------ Material for this task

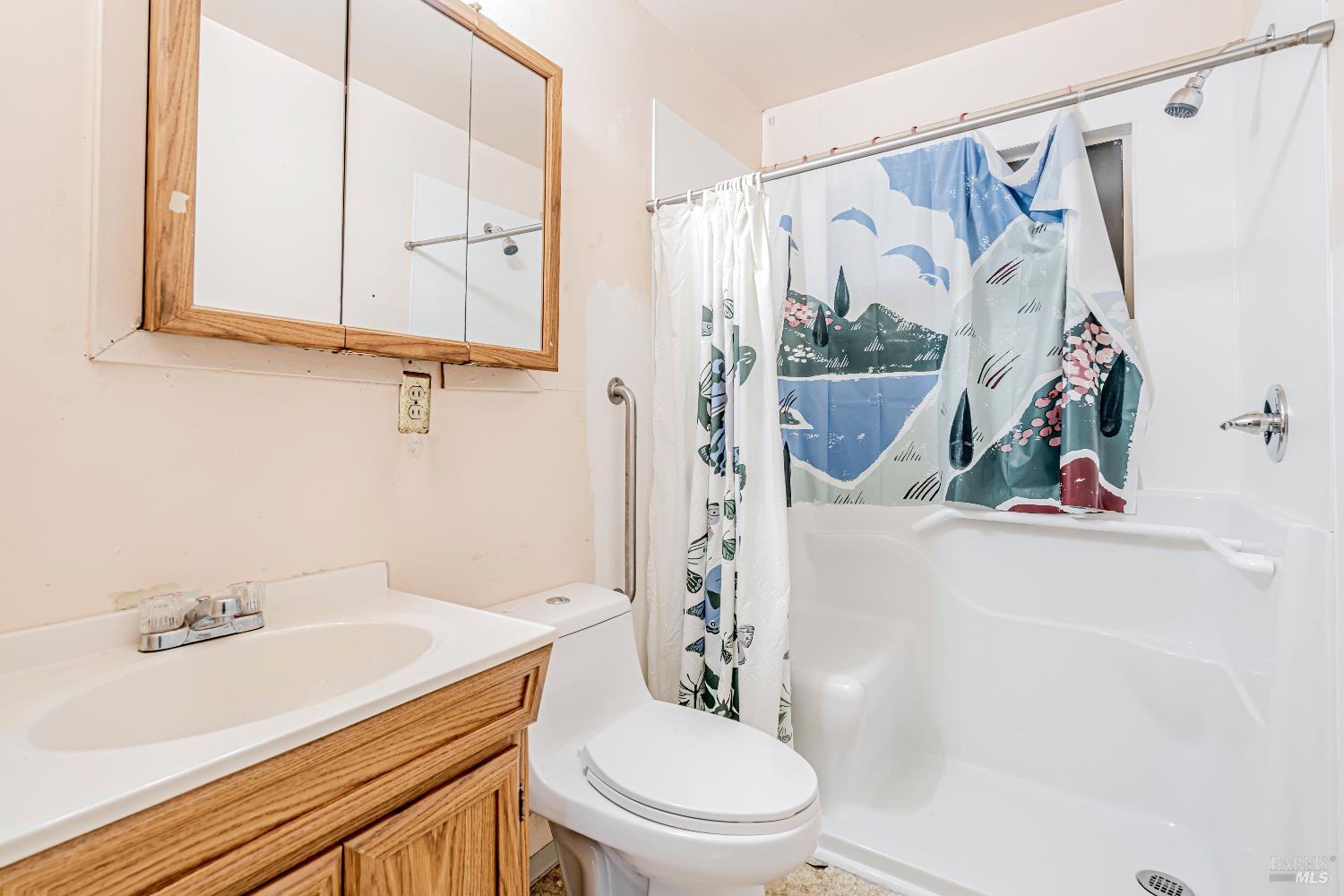 Detail Gallery Image 15 of 39 For 525 Park Ln, Petaluma,  CA 94954 - 4 Beds | 2 Baths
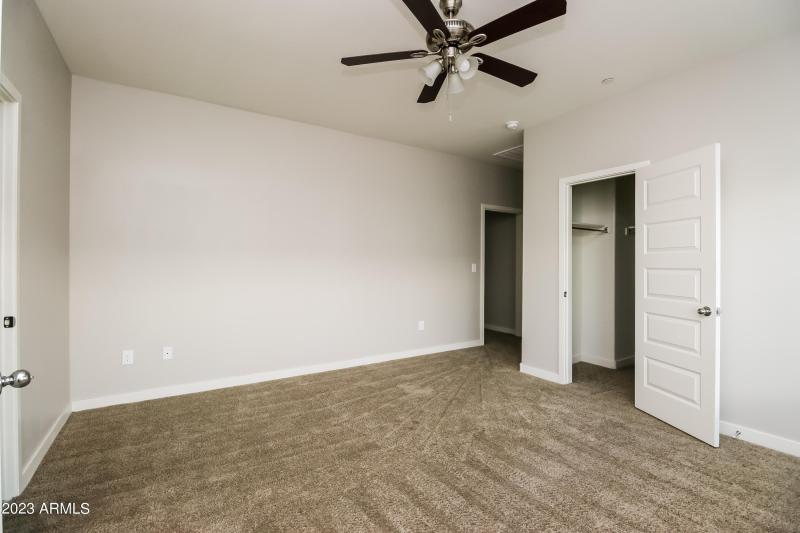 024-photo-primary-bedroom-13303671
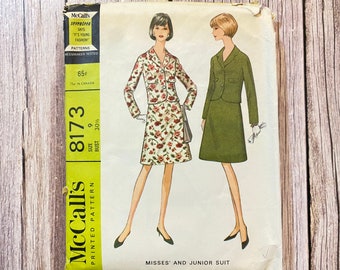 Patrón de costura McCall’s 8173. Patrón de traje vintage.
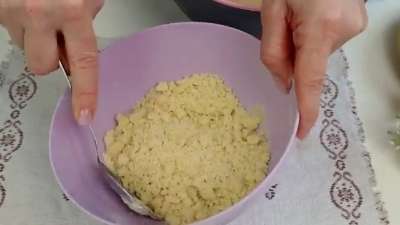 Быстрый банановый пирог с хрустящей корочкой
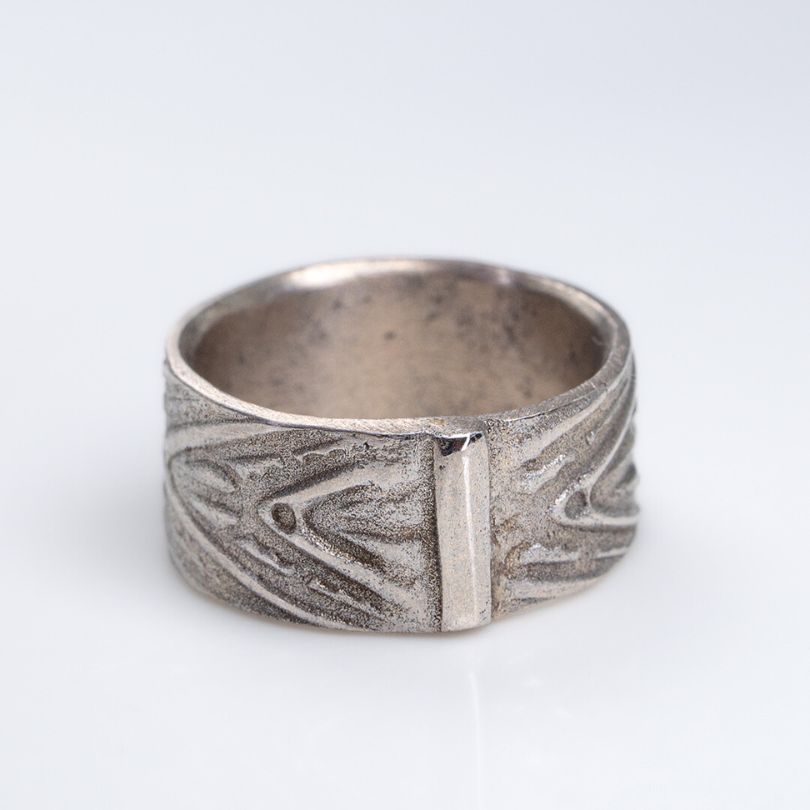 Ring aus Goldie White Iron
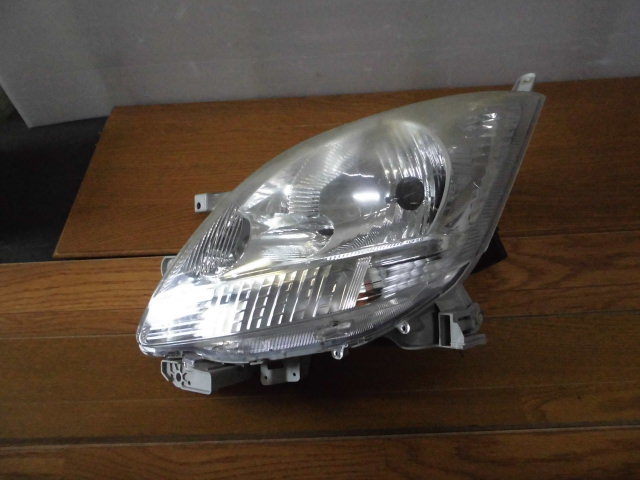 ダイハツ ムーヴ L185S 純正ヘッドライト左 助手席側 ランプ レンズ ハロゲン レベライザー付き 【L175S ムーブ MOVE拍卖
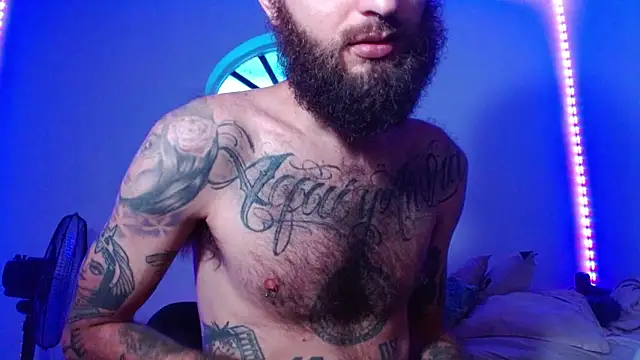 Snapshot of Tatted21xxx chatting on October 28, 2025, 7:24 pm Tatted21xxx online show from October 28, 2025, 7:24 pm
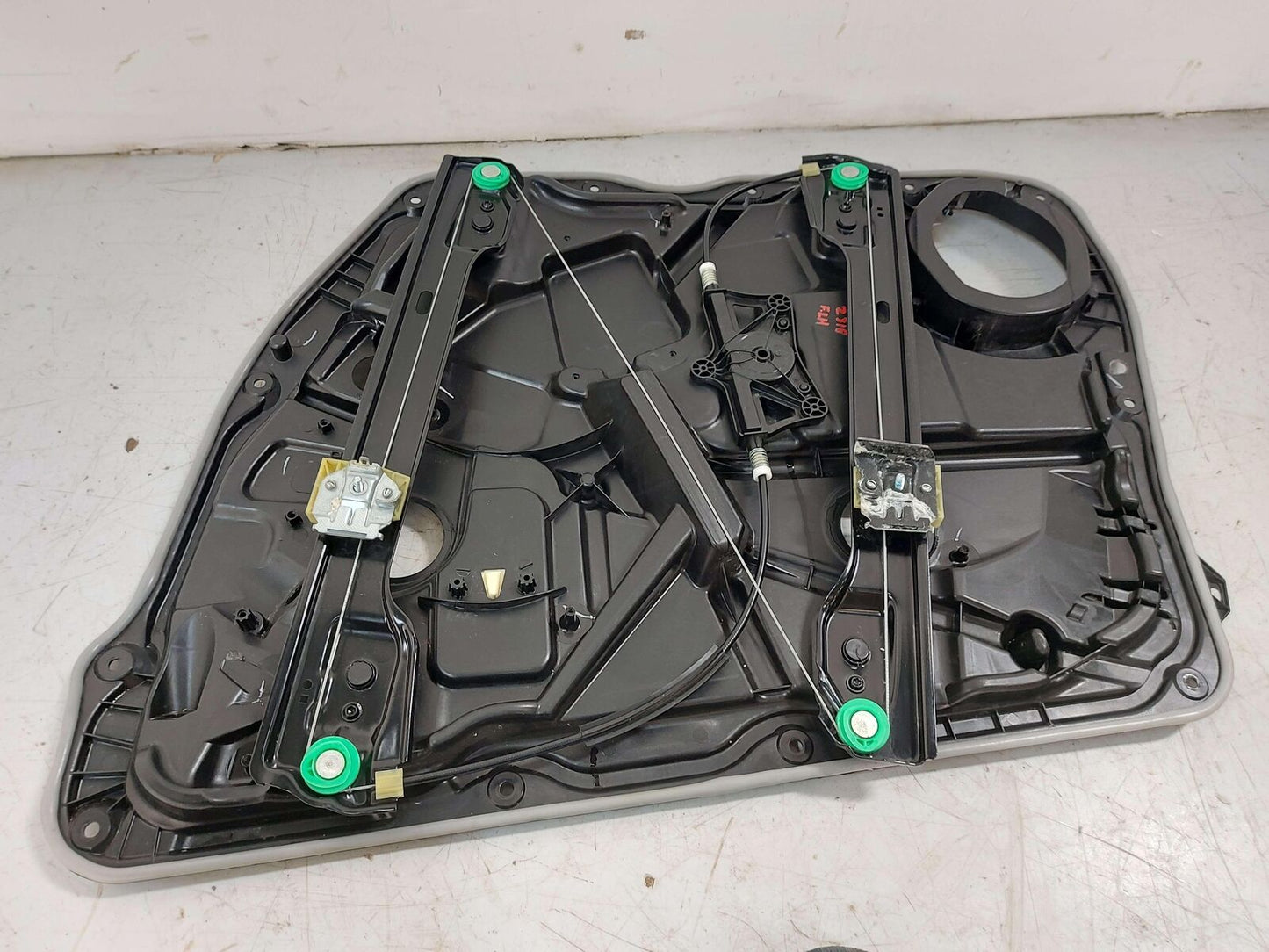 16-19 MERCEDES GLE63S AMG W166 FRONT LEFT Door Window Regulator Carrier 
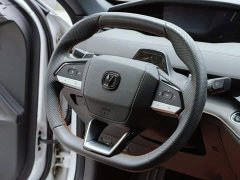 Changan UNI-V 1.5T premium - фото 11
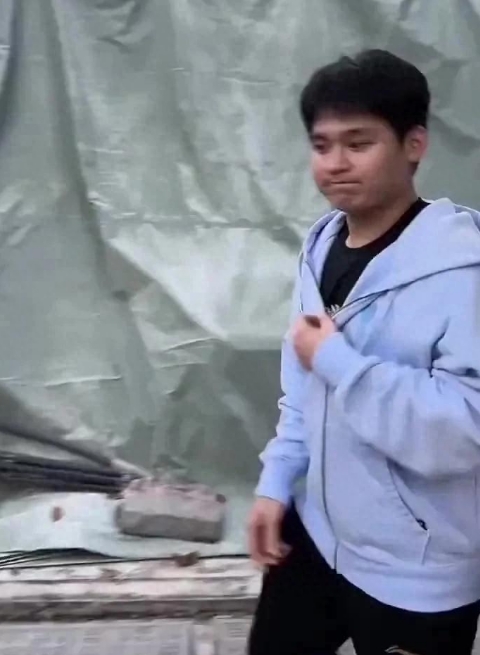 林诗栋回老家海南啦！一回来就到妈妈的饭店里帮忙干活，忙前忙后的。这小伙儿还和村里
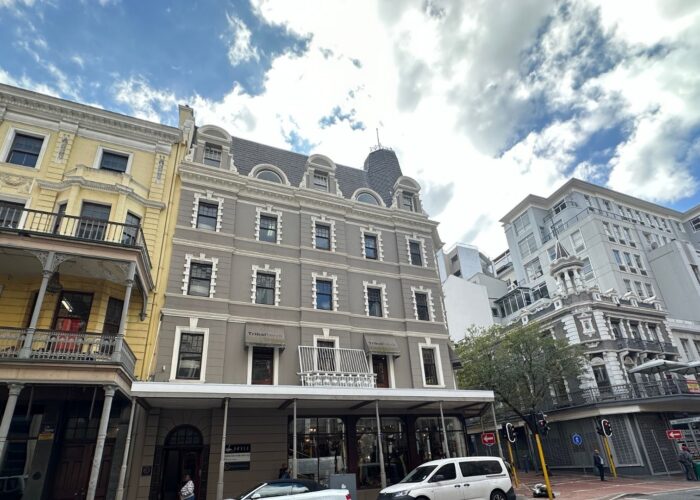 174 m² Office to Rent Cape Town CBD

------------

-- Activity --
Pictures must not appear in the copy, and every record must be restated word for word.

-- Solution to this exercise --
 Detail Gallery Image 15 of 39 For 525 Park Ln, Petaluma,  CA 94954 - 4 Beds | 2 Baths
 024-photo-primary-bedroom-13303671
 Patrón de costura McCall’s 8173. Patrón de traje vintage.
 Быстрый банановый пирог с хрустящей корочкой
 Ring aus Goldie White Iron
 ダイハツ ムーヴ L185S 純正ヘッドライト左 助手席側 ランプ レンズ ハロゲン レベライザー付き 【L175S ムーブ MOVE拍卖
 Snapshot of Tatted21xxx chatting on October 28, 2025, 7:24 pm Tatted21xxx online show from October 28, 2025, 7:24 pm
 16-19 MERCEDES GLE63S AMG W166 FRONT LEFT Door Window Regulator Carrier 
 Changan UNI-V 1.5T premium - фото 11
 林诗栋回老家海南啦！一回来就到妈妈的饭店里帮忙干活，忙前忙后的。这小伙儿还和村里
 174 m² Office to Rent Cape Town CBD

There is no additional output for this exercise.